PAZARTESI, 16 TEMMUZ 2012 12:15
BURAK YALIM













Komşularla Sıfır Sorun Politikası çerçevesinde son dönemde yapılan eleştirilerin en yoğun olduğu konu Suriye ile ilişkilerin kardeşlik ve dostluk çizgisinden savaş olasılığı taşıyan bir boyuta gelmiş olmasıdır. Bununla birlikte Irak yönetimi ve İran ile yaşanan negatif ilişkiler, Ermenistan ile gerçekleşen protokol sürecinin akamete uğraması ve İsrail ile ilişkilerin seyri medya ve akademi dünyasında Komşularla Sıfır Sorun Politikası’nın iflas ettiğine dair yorum ve görüşlerin sıkça yer almasına neden olmaktadır.

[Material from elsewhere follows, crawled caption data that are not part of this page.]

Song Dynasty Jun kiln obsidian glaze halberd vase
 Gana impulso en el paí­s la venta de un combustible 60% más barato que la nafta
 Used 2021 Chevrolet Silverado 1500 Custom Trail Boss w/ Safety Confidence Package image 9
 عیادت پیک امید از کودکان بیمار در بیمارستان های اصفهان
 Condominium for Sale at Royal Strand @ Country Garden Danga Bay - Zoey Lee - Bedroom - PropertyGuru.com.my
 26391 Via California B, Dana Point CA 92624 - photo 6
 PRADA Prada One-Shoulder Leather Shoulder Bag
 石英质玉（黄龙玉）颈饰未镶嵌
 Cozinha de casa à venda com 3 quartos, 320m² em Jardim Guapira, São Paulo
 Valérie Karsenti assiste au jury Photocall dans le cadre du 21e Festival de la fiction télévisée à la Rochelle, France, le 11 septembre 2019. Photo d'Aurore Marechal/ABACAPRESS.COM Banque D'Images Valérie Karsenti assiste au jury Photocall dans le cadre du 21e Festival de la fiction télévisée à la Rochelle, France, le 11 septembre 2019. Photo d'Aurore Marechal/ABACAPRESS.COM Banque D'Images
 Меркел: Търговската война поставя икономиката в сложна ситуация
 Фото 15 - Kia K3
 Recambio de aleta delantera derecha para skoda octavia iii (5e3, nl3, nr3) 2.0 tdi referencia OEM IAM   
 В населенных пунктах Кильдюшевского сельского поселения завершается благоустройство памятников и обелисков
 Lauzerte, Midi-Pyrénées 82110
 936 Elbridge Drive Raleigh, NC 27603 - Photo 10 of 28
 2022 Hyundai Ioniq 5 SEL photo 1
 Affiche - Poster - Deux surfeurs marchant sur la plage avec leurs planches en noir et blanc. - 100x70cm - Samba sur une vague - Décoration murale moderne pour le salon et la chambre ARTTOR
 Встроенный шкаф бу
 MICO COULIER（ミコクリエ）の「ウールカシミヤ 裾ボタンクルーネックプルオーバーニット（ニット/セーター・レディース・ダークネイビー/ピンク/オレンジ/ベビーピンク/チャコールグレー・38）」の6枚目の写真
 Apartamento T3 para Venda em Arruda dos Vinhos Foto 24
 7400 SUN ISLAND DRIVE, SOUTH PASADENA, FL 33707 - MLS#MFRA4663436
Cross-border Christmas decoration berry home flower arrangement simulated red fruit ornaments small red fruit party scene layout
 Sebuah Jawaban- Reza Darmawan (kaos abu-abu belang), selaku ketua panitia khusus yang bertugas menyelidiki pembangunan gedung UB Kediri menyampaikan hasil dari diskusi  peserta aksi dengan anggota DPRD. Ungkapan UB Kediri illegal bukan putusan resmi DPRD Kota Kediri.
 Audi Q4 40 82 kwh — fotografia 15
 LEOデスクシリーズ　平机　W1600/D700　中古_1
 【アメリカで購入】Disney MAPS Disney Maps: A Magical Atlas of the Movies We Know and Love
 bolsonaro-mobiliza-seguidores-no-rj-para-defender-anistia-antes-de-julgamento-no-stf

Dışişleri Bakanı Ahmet Davutoğlu’nun henüz bakan olmadan önce danışman sıfatıyla önemli roller üstlendiği ve bizatihi kendisine ait olan Komşularla Sıfır Sorun Politikası 2002’den 2011 yılına kadar AK Parti’ye karşıtlık düzeyindeki eleştiriler dışında çok somut ve yoğun şekilde eleştiriye maruz kalmamıştı. Bu dönemde Suriye ile vizeler kaldırılmış, Irak ile ortak bakanlar kurulu toplantısı düzeyinde görüşmeler gerçekleştirilmiş ve Ermenistan ile sınırın açılmasını gündeme getirecek protokol sürecine girilmişti. Bugün ise karşımızda tüm bu ülkelerin yönetimleri ile ciddi anlaşmazlıklar yaşayan bir Türkiye var. Başbakan Erdoğan’ın Suriye Devlet Başkanı Esed ile kurduğu samimi ilişkilerin bugün hasım ilişkileri haline dönüşmesi, Irak’ta Başbakan Maliki ile yaşanan gerilim ve Suriye konusu üzerinden İran ve yine Irak ile oluşan çıkar ve politika çatışması Komşularla Sıfır Sorun Politikası’nın komşularla sırf sorun haline geldiği gibi bir izlenim oluşturmakta. Kamuoyunda ve medyada yapılan tartışmaların temel ekseni bu ilişkilerin neden sorunlu hale geldiği veya neyin değiştiğinden çok sorunlu alanların hemen hepsinin bir arada toplanarak sunuluyor. Oysa Türkiye’nin Suriye, Irak, İran, İsrail ve hatta Güney Kıbrıs Rum Yönetimi ile yaşadığı sorunların her biri kendine münhasır özellikler taşımakla birlikte bölgesel ve küresel bir rekabetin de izdüşümünü oluşturuyor. Örneğin Türkiye’nin Suriye ile yaşadığı krizde Rusya ve ABD arasında yaşanan pazarlığı görmek gerekiyor. Diğer yanda Suriye krizinin İran ve Irak ile ilişkileri etkilediği de çok açık.  İlginç olan, tüm bu sorunların bir arada gösterildiği tartışma ve yorumlarda Tunus, Libya, Mısır gibi uzak komşularla ve Gürcistan, Bulgaristan, Yunanistan gibi yakın komşularla devam eden ve iyiye giden ilişkilerden söz edilmiyor oluşudur.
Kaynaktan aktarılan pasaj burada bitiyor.